Zhou, Lanqi (Tongji University), Zhang, Lin (Tongji University), Chi, Zhaozhan (Tongji University), Wang, Han (Tongji University), Pan, Wei (Tongji University), Meng, Qiang (Tongji University), Chu, Hongqing (Tongji University), Chen, Hong (Tongji University)

Real-Time Vision-Language Model Guided Semantic-Aware Diffusion Navigation with Intelligent Vehicle Validation

Scheduled for presentation during the Regular Session "S31a-AI-Driven Motion Prediction and Safe Control for Autonomous Systems" (FR-LM-T31), Friday, November 21, 2025, 11:30−11:50, Southport 1

2025 IEEE 28th International Conference on Intelligent Transportation Systems (ITSC), November 18-21, 2025, Gold Coast, Australia

This information is tentative and subject to change. Compiled on October 18, 2025

Keywords Deep Learning for Scene Understanding and Semantic Segmentation in Autonomous Vehicles, Real-time Motion Planning and Control for Autonomous Vehicles in ITS Networks, Verification of Autonomous Vehicle Sensor Systems in Real-world Scenarios

Abstract

In autonomous driving systems, enabling vehicles to comprehend and execute high-level semantic instructions from humans is a crucial direction for advancing natural interactive navigation.
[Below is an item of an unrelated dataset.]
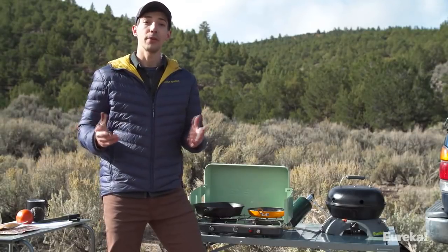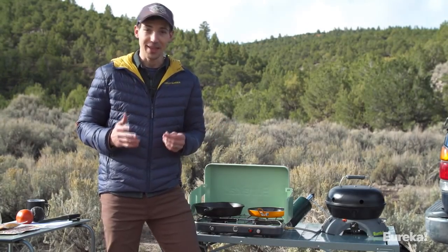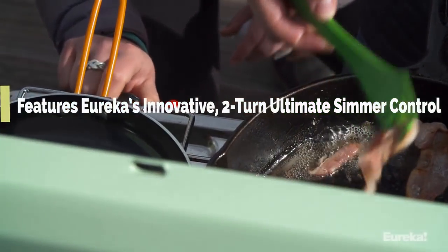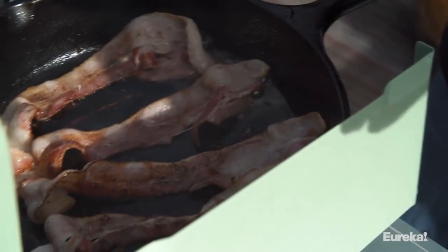With most other camp stoves, you get two settings: on or off. With the Ignite, you get a huge range of adjustability thanks to Eureka's two-turn ultimate simmer control. This allows you to really dial in the heat output of each burner individually, and you'll never have to worry about uneven omelettes or burnt bacon again.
To this end, this paper proposes a vision-language model guided semantic-aware diffusion navigation method (VL-SAN) for semi-structured campus road scenarios, establishing a strategy for translating natural language instructions into vehicle motion control. The method takes natural language, raw images, and their high-dimensional visual features as joint inputs, leveraging the vision-language model (VLM) to generate semantically guided drivable semantic region maps, achieving multimodal information fusion and semantic alignment. Furthermore, this paper restructures the denoising diffusion probabilistic model (DDPM) to adapt it to sequential trajectory generation tasks and introduces a lightweight convolutional neural network to optimize the image condition encoding process. Using the current and historical frame sequences of semantic regions as conditional inputs, the model predicts the vehicle’s future continuous trajectory point sequence and performs motion control based on the current vehicle state. The results show that our method demonstrates trajectories that are more consistent with human navigation patterns, reduces inference time by 80.2% and navigation time by 27.9% compared to the benchmark algorithm, and possesses a higher success rate, validating its effectiveness and real-time performance in real-world campus navigation scenarios.